■ TASK STATEMENT
Will you write out, word for word, every line from the one with "фото осенний пейзаж с церковью фото" to the final line of the data below, with the pictures left out?

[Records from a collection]
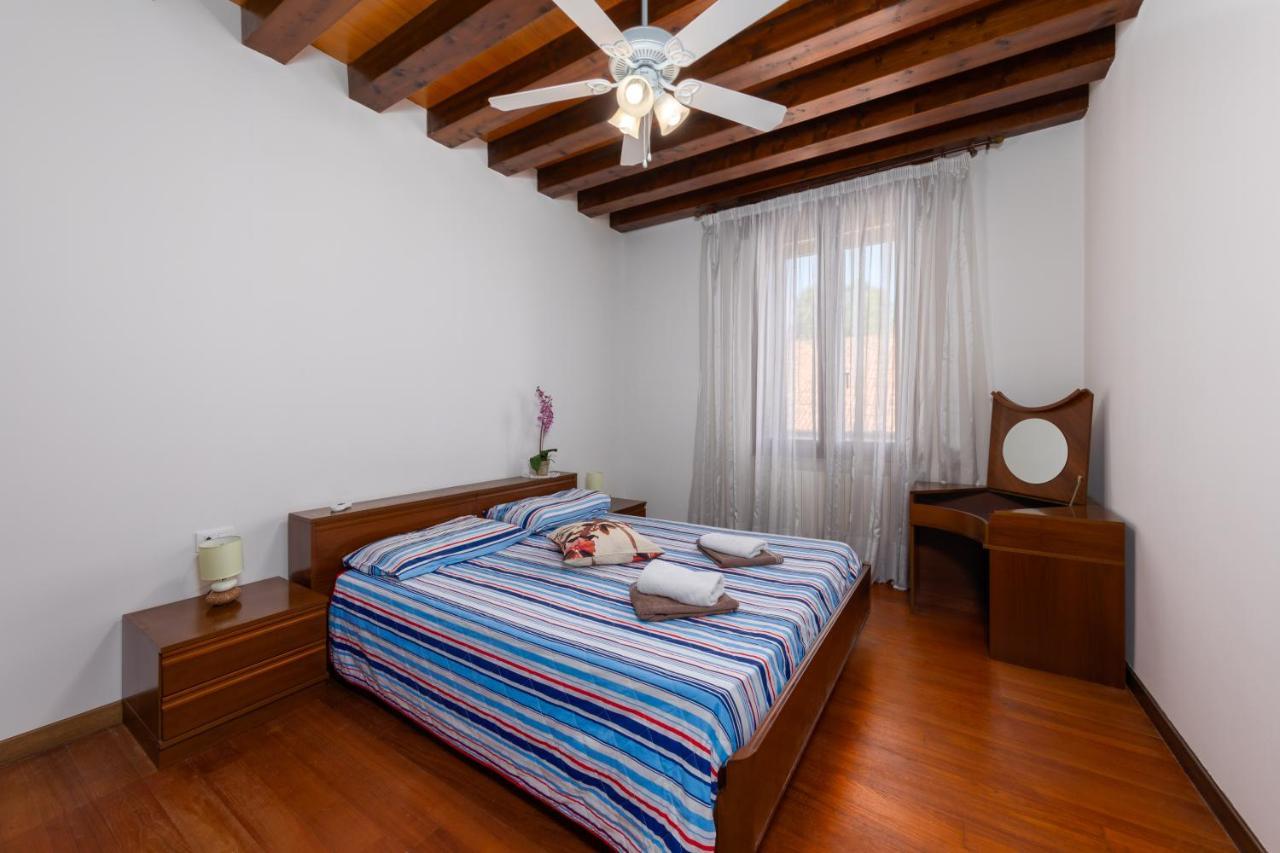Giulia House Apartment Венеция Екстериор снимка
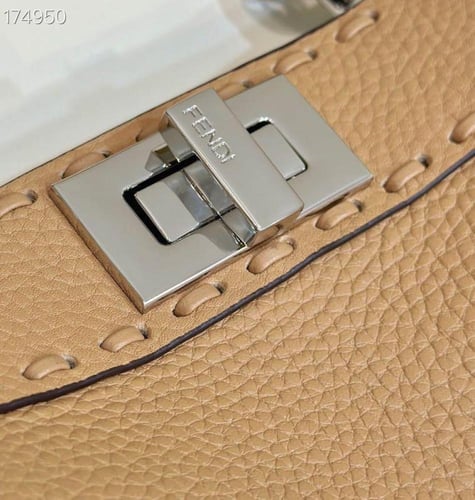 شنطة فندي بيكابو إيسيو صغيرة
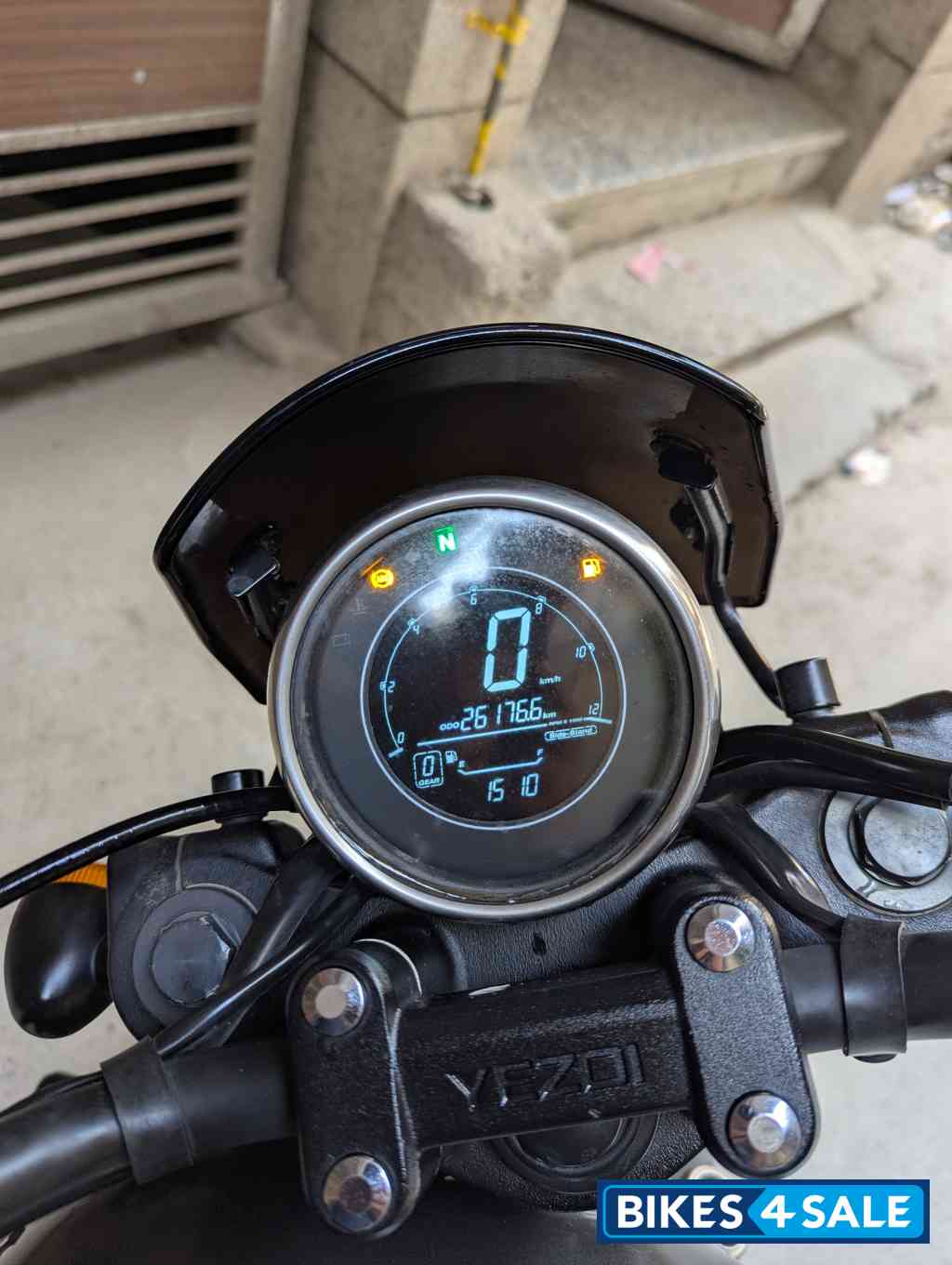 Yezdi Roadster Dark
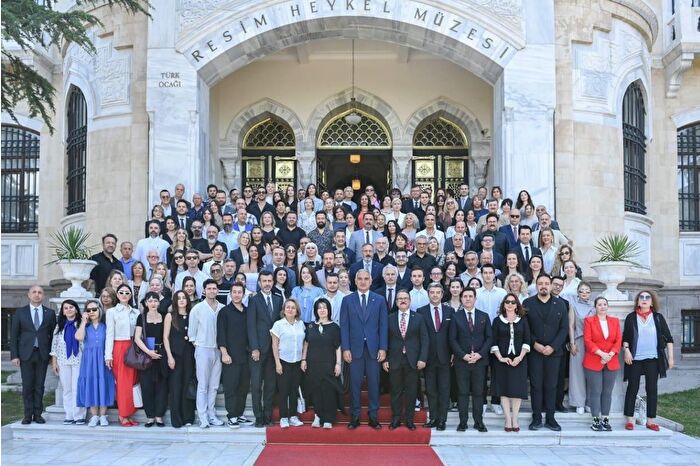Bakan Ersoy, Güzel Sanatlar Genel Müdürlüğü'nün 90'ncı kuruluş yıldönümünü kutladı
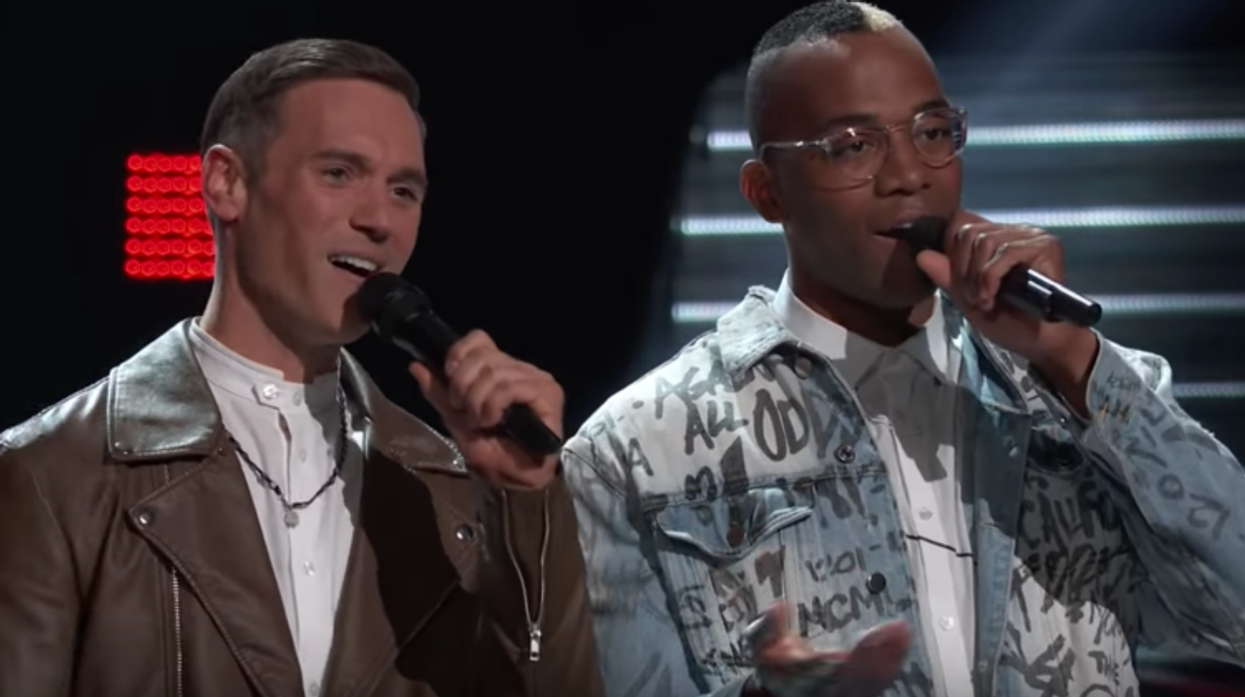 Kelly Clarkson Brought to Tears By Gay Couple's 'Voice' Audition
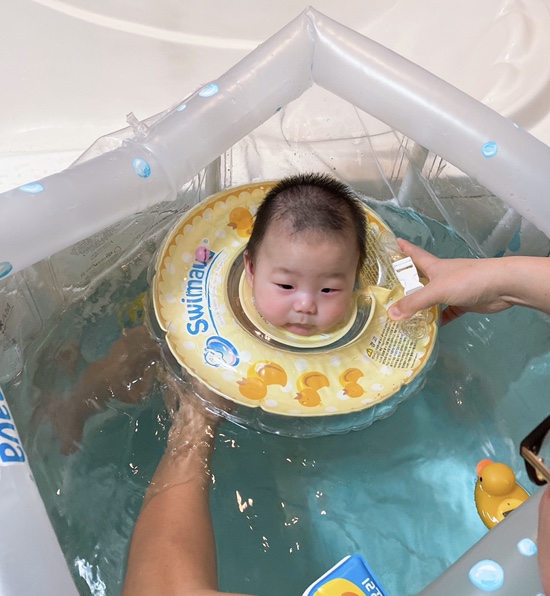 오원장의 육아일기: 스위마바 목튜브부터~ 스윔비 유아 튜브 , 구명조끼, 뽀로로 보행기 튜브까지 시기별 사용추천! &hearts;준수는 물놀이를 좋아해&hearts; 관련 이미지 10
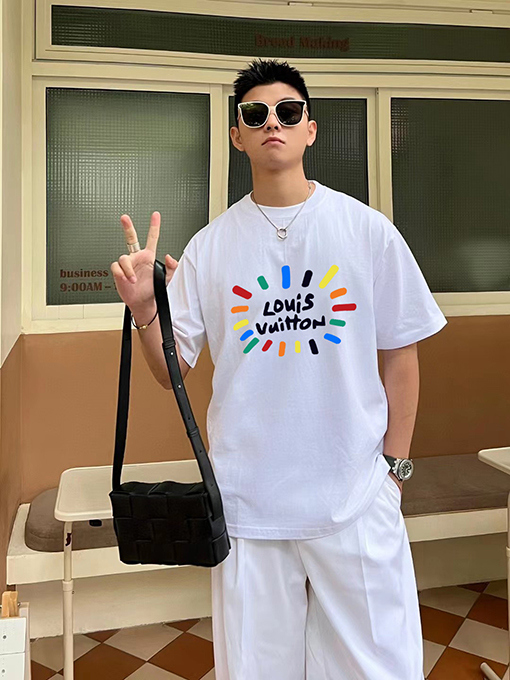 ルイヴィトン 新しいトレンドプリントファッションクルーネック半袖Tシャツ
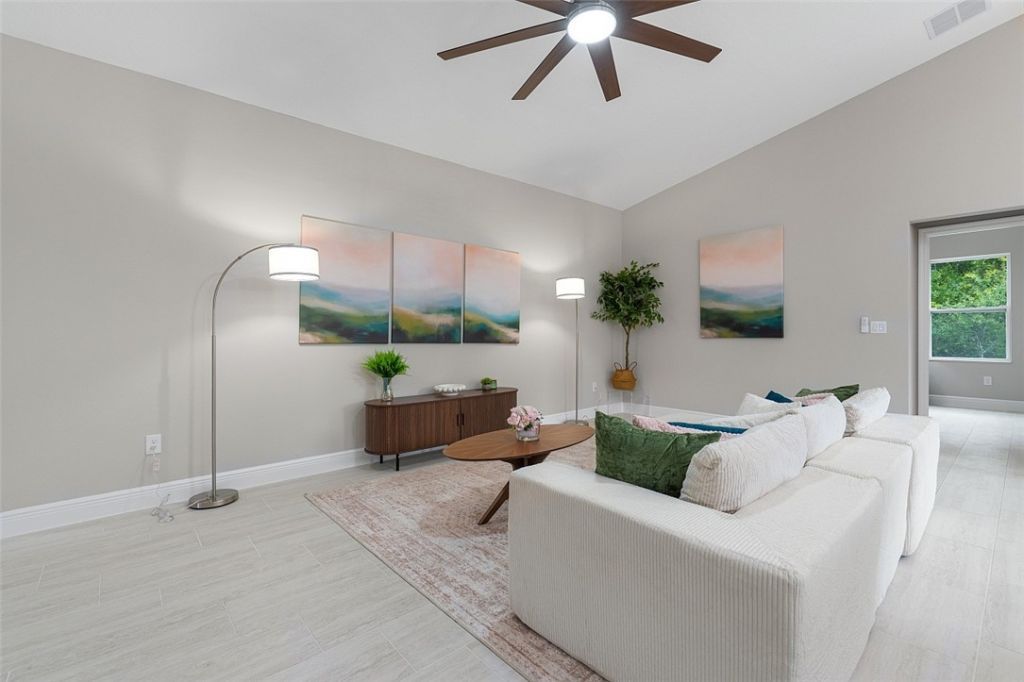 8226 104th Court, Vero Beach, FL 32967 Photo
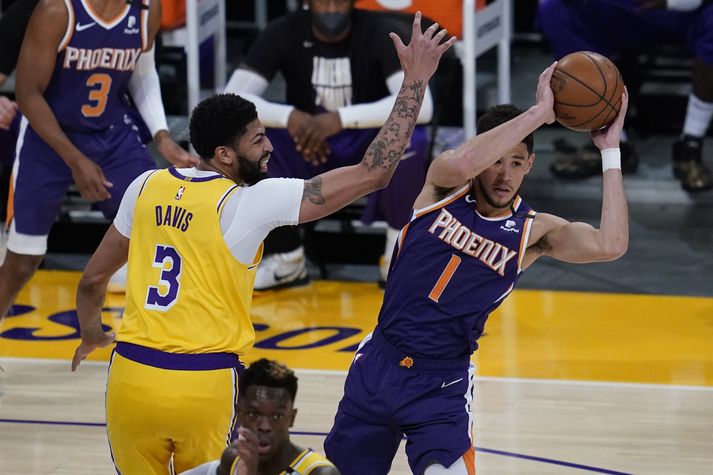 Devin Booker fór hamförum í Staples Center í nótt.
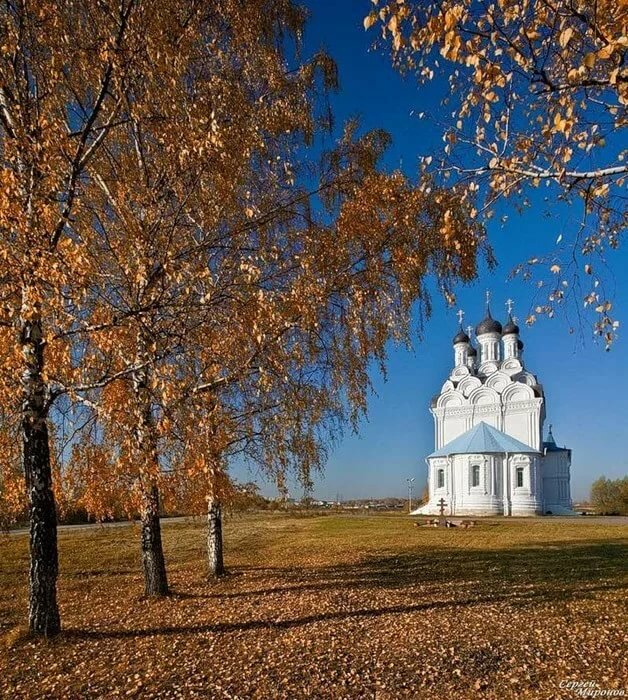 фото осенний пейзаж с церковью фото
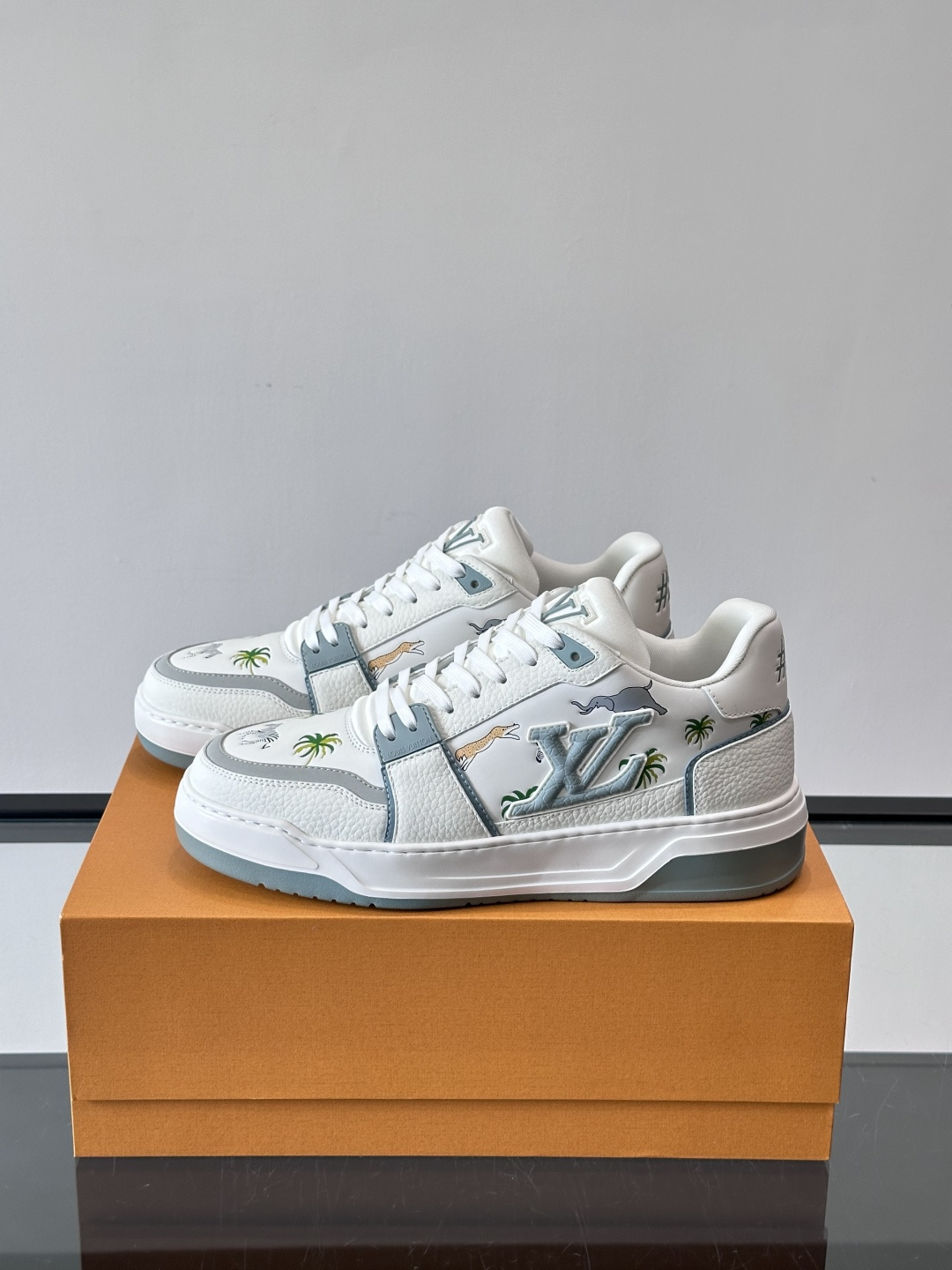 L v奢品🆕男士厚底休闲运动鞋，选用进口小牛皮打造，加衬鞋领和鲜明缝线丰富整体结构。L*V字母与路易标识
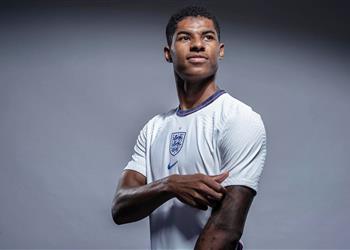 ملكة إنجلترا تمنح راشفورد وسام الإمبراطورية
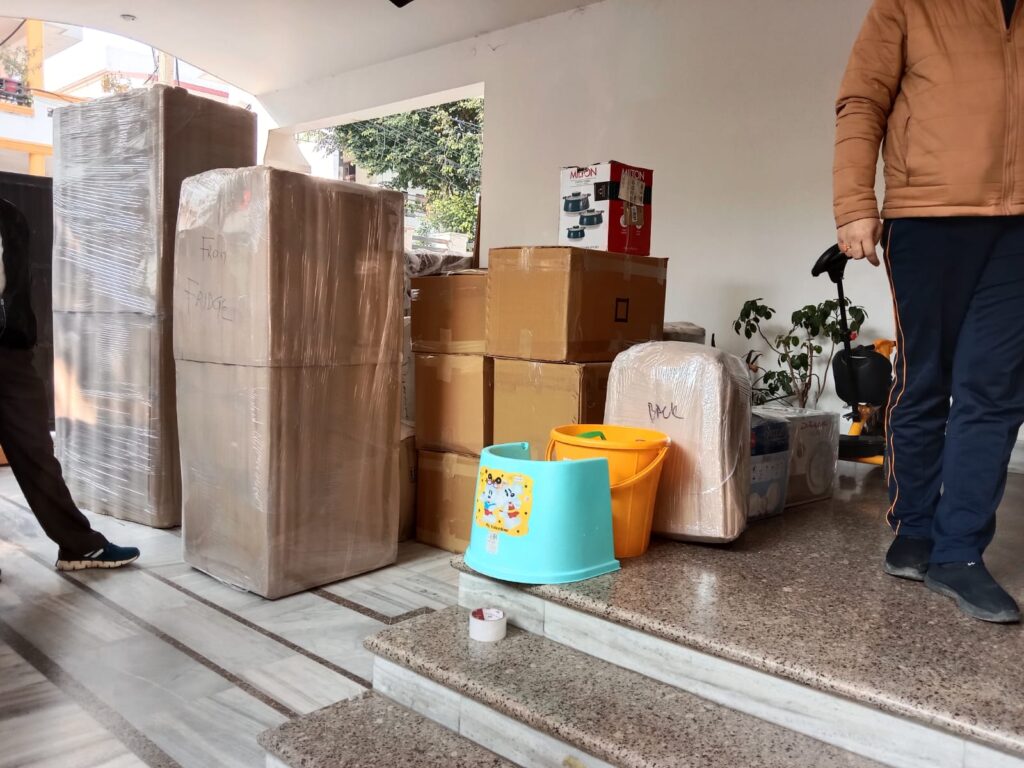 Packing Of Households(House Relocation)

■ FINISHED EXERCISE
 фото осенний пейзаж с церковью фото
 L v奢品🆕男士厚底休闲运动鞋，选用进口小牛皮打造，加衬鞋领和鲜明缝线丰富整体结构。L*V字母与路易标识
 ملكة إنجلترا تمنح راشفورد وسام الإمبراطورية
 Packing Of Households(House Relocation)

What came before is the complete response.